[WORK TASK]
The records below are to be restated word for word; their pictures are not.
Start of Block
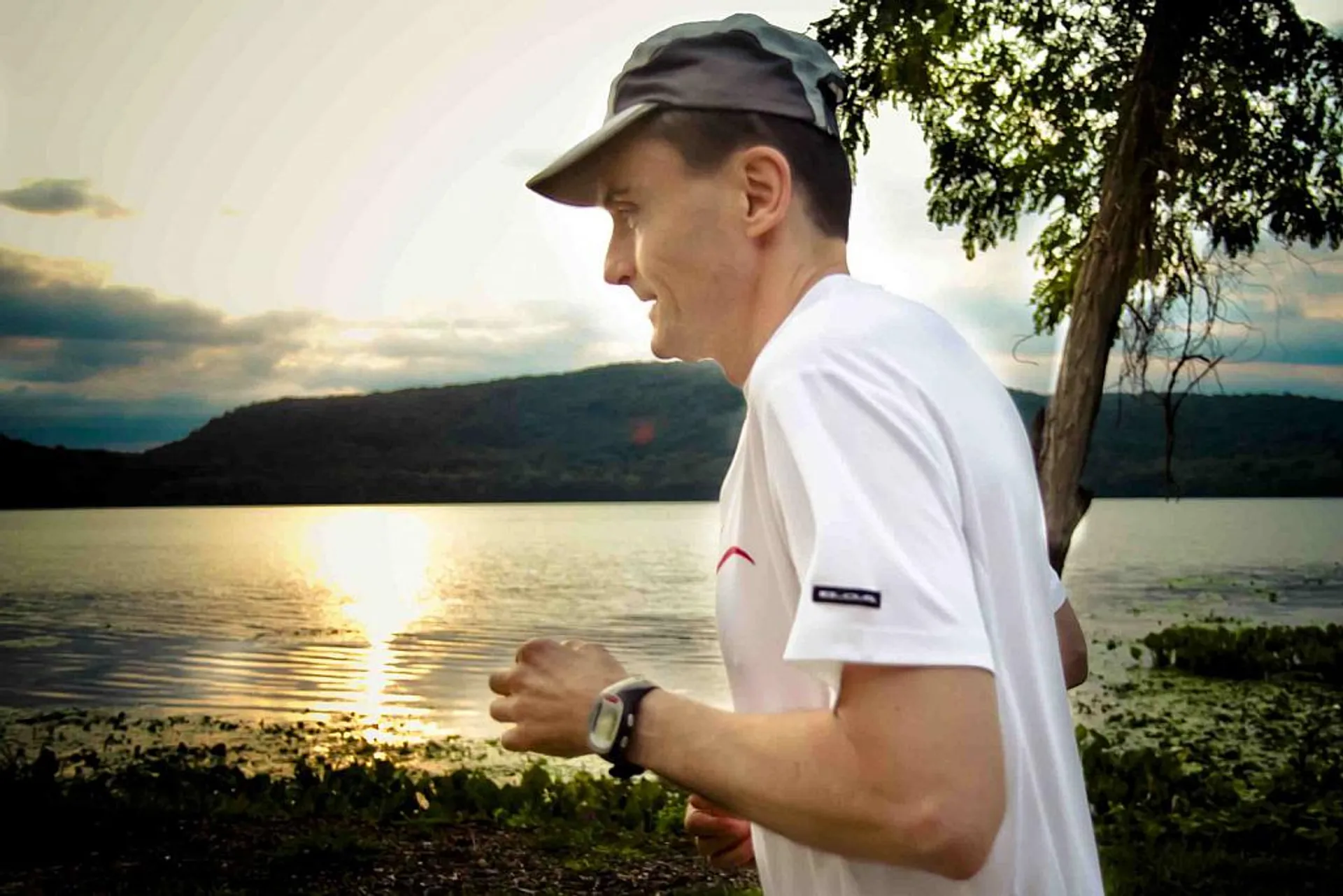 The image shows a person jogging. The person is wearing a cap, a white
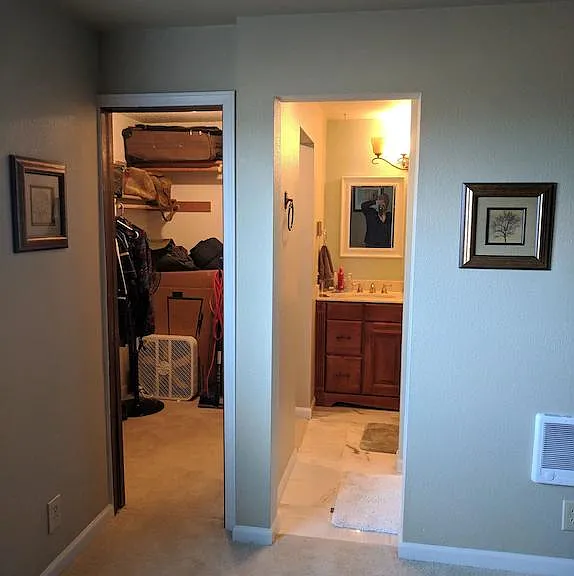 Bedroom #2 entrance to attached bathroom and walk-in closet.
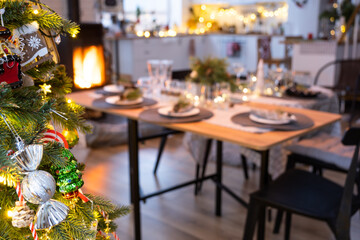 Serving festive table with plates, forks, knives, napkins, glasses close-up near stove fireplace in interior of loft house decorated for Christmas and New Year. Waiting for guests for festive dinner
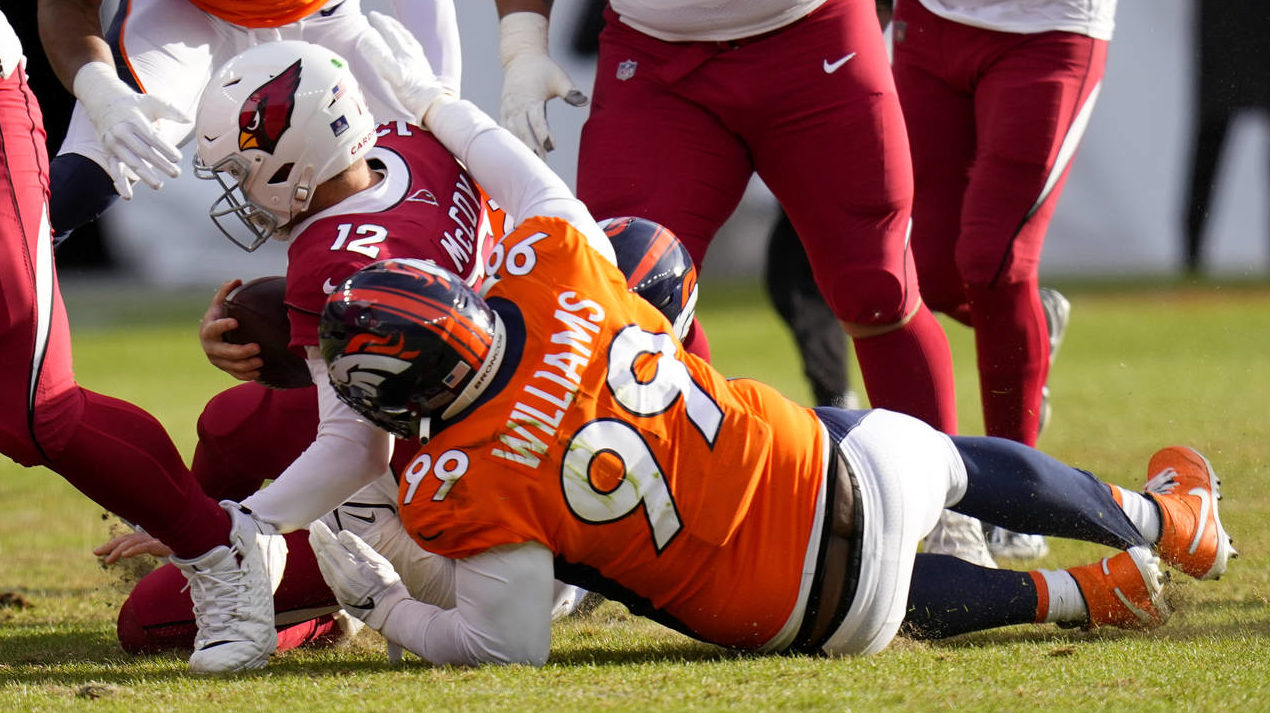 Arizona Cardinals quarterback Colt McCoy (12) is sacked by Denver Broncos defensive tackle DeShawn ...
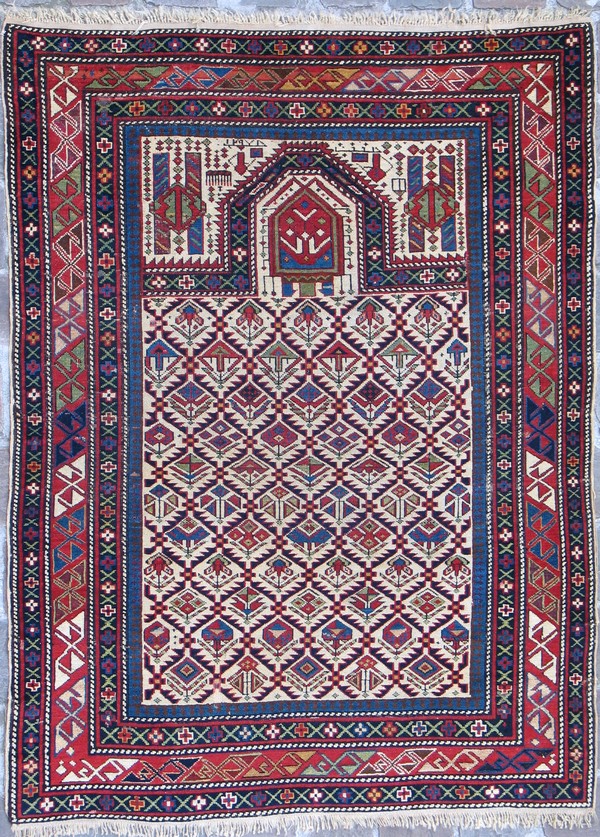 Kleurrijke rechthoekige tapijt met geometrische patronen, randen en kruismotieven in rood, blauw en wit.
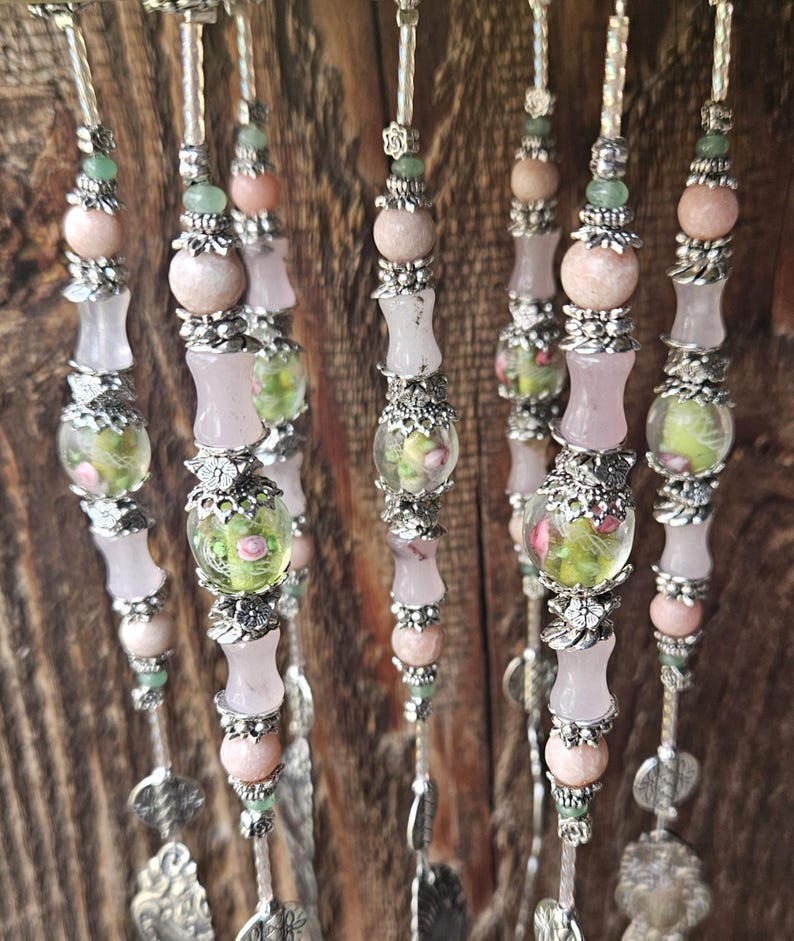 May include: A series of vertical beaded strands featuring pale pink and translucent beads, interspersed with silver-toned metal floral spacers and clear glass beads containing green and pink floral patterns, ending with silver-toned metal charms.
End of Block
[SOLUTION FOR THIS PROBLEM]
 The image shows a person jogging. The person is wearing a cap, a white
 Bedroom #2 entrance to attached bathroom and walk-in closet.
 Serving festive table with plates, forks, knives, napkins, glasses close-up near stove fireplace in interior of loft house decorated for Christmas and New Year. Waiting for guests for festive dinner
 Arizona Cardinals quarterback Colt McCoy (12) is sacked by Denver Broncos defensive tackle DeShawn ...
 Kleurrijke rechthoekige tapijt met geometrische patronen, randen en kruismotieven in rood, blauw en wit.
 May include: A series of vertical beaded strands featuring pale pink and translucent beads, interspersed with silver-toned metal floral spacers and clear glass beads containing green and pink floral patterns, ending with silver-toned metal charms.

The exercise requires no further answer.